Senthil called it a policy failure, pointing to the collapse of past airline companies – Jet Airways, Kingfisher, GoFirst – and argued that the government had no meaningful revival mechanism that could preserve competition.
Former Finance Minister P. Chidambaram said competition is at the heart of liberalisation and the Indigo crisis exposes the consequences of duopoly. Rahul Gandhi called it the price of the monopoly model, saying India needs fair competition in every sector.
What needs to change next
For IndiGo, the top priority is full compliance with FDTL norms: more pilots and cabin crew, improved rostering, stronger training pipelines, and possibly a recalibration of operations. It also needs to rebuild passenger trust through better transparency and service.

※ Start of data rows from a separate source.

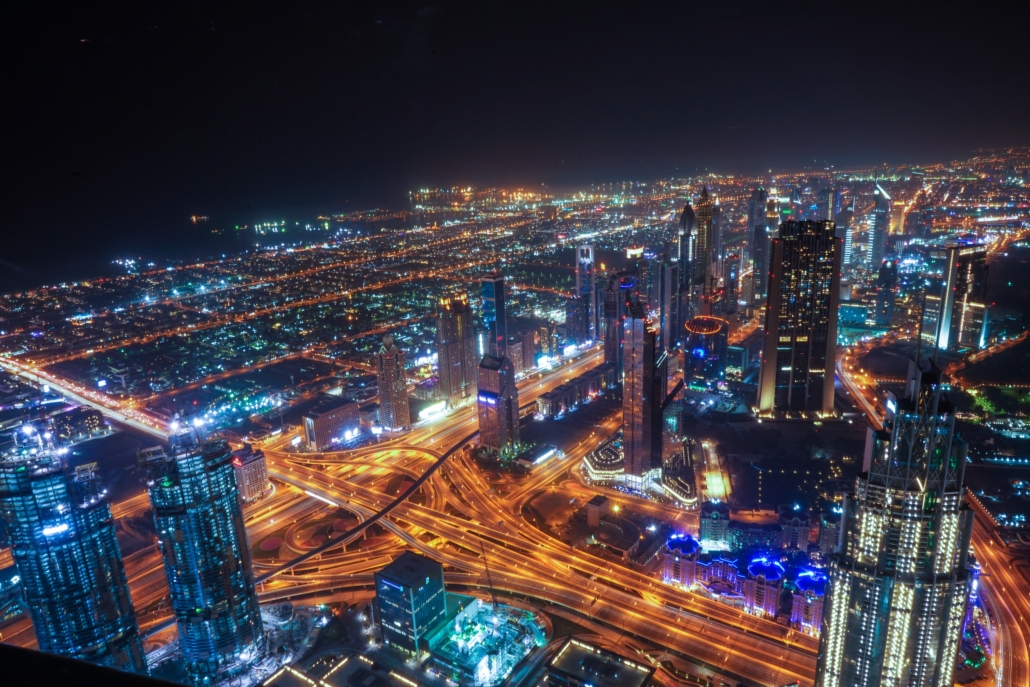 Dubai2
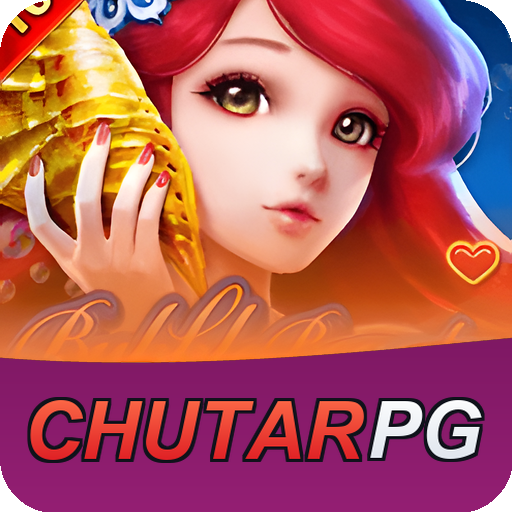 Fortune Dragon Slot - RTP 96.5%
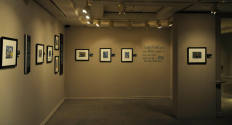 Artworks © Estate of Romare Bearden. Images Courtesy of the Michael C. Carlos Museum, Emory Uni ...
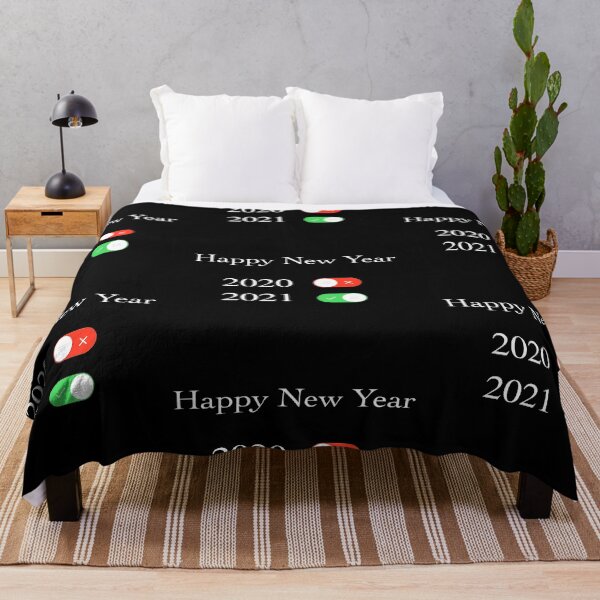 Item preview, Happy new Year designed and sold by KO-Design.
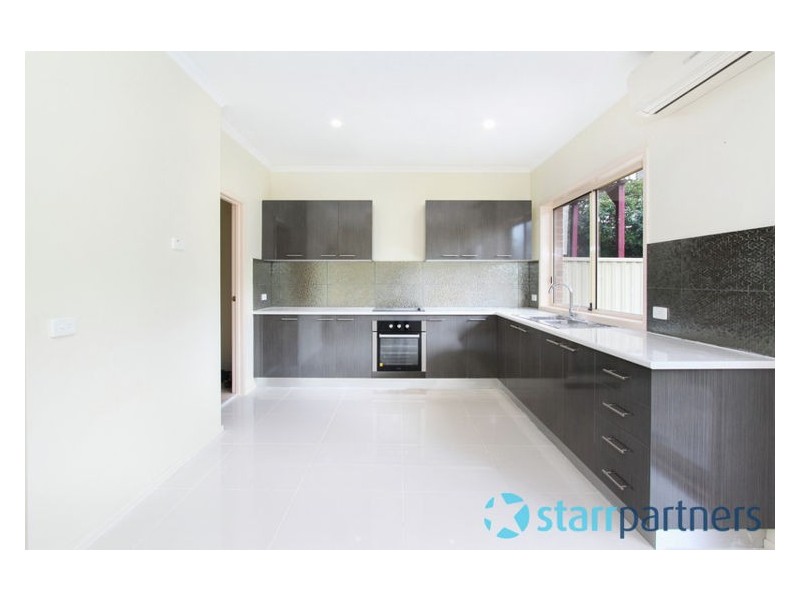 29 Rita Street, Merrylands NSW 2160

For the government and DGCA, the crisis is an opportunity for structural reform—perhaps including a revival mechanism for grounded airlines, clearer pathways for new entrants and a stronger charter of passenger rights.
For passengers, short-term relief measures offer temporary comfort, but long-term safety lies in a competitive, diverse and accountable aviation landscape.
Ultimately, the IndiGo crisis is a reminder that when the skies have too few choices, it’s the traveller on the ground who pays the steepest price. If India aspires to become a global aviation hub, this episode cannot be treated as a mere airline failure—it must serve as a warning for the entire system.